Las autoridades condenaron este sábado la explosión frente a una escuela judía en Ámsterdam, un incidente que provocó daños materiales leves pero no dejó heridos. El suceso se produce en un contexto de aumento de agresiones contra instituciones judías en Europa occidental y ha generado llamadas a reforzar la seguridad.
Durante la madrugada, un artefacto explotó contra el muro exterior de la escuela situada en Buitenveldert, al sur de Ámsterdam. No se registraron víctimas, aunque el edificio sufrió daños menores. Policía y bomberos acudieron al lugar y constataron que las cámaras de seguridad captaron a una persona colocando el explosivo. Las autoridades iniciaron una investigación y calificaron el hecho como un acto con la intención de intimidar a la comunidad judía local.
El atentado aumentó la preocupación por la seguridad de la comunidad judía en la ciudad y en el continente, en medio de una oleada de ataques recientes que han afectado templos y centros educativos en varios países. Líderes y responsables institucionales han pedido medidas más firmes contra el antisemitismo.
La alcaldesa de Ámsterdam, Femke Halsema, definió la explosión como “un acto cobarde de agresión” y señaló que la comunidad judía sufre con mayor frecuencia episodios de antisemitismo, una situación que consideró “inaceptable”. Halsema insistió en la necesidad de garantizar que niños y familias puedan acudir a las escuelas con seguridad y recordó episodios de violencia que han tensionado la convivencia en la ciudad.
El incidente provocó reacciones políticas en los Países Bajos y en el extranjero. El primer ministro neerlandés, Rob Jetten, afirmó en redes sociales que el antisemitismo “no tiene cabida en los Países Bajos” y anunció que hablará directamente con la comunidad judía para mejorar su protección. “Comprendo la indignación y el miedo que genera este ataque y pronto me reuniré con la comunidad judía. Deben sentirse siempre seguros en nuestro país”, añadió.
El Ministerio de Exteriores de Israel instó al gobierno neerlandés a adoptar medidas más enérgicas para frenar lo que calificó como “una epidemia de antisemitismo” tras la explosión en Ámsterdam. En un comunicado, preguntó: “¿Dónde tendrá lugar el próximo ataque? El gobierno neerlandés debe hacer mucho más para combatir el antisemitismo”.
Ambos gobiernos coincidieron en la urgencia de prevenir nuevos atentados y en la necesidad de recuperar la confianza de las comunidades judías afectadas, lo que reabrió el debate sobre la eficacia de las políticas de protección vigentes ante el aumento de incidentes de odio.
La explosión en Ámsterdam se enmarca en una serie de ataques recientes contra instituciones judías en Europa y Estados Unidos.

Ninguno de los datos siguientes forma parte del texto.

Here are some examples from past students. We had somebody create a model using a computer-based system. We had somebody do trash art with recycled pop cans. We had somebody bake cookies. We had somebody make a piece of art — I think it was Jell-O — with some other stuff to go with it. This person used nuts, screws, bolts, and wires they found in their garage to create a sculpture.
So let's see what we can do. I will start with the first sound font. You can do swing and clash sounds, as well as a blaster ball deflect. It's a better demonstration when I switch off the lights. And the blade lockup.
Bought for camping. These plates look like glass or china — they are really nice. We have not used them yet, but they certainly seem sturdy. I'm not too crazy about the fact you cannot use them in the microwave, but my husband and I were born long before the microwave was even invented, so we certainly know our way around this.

Dos días antes, una sinagoga en Róterdam sufrió otra explosión y las autoridades detuvieron a cuatro sospechosos. El lunes anterior, una sinagoga en Lieja, Bélgica, también fue blanco de un ataque que causó daños materiales y fue condenado por autoridades locales y por la Unión Europea.

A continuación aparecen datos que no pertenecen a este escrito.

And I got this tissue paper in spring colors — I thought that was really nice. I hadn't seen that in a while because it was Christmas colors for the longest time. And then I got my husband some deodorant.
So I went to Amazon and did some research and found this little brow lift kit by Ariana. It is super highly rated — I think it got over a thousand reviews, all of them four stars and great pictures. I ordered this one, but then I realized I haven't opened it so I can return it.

En Estados Unidos, un hombre embistió con su vehículo una sinagoga en las cercanías de Detroit y, según informaron medios internacionales, falleció al día siguiente por una herida autoinfligida. Informes de prensa sugieren que ese ataque podría estar relacionado con la muerte de familiares del agresor en bombardeos recientes en Líbano.
El incremento de agresiones coincide con un contexto internacional marcado por conflictos en Oriente Medio y ha provocado un aumento de solicitudes de protección para escuelas y edificios comunitarios judíos, sobre todo en grandes ciudades de Europa y Estados Unidos. A raíz de los últimos episodios, varias comunidades han intensificado la vigilancia y la cooperación con las fuerzas de seguridad.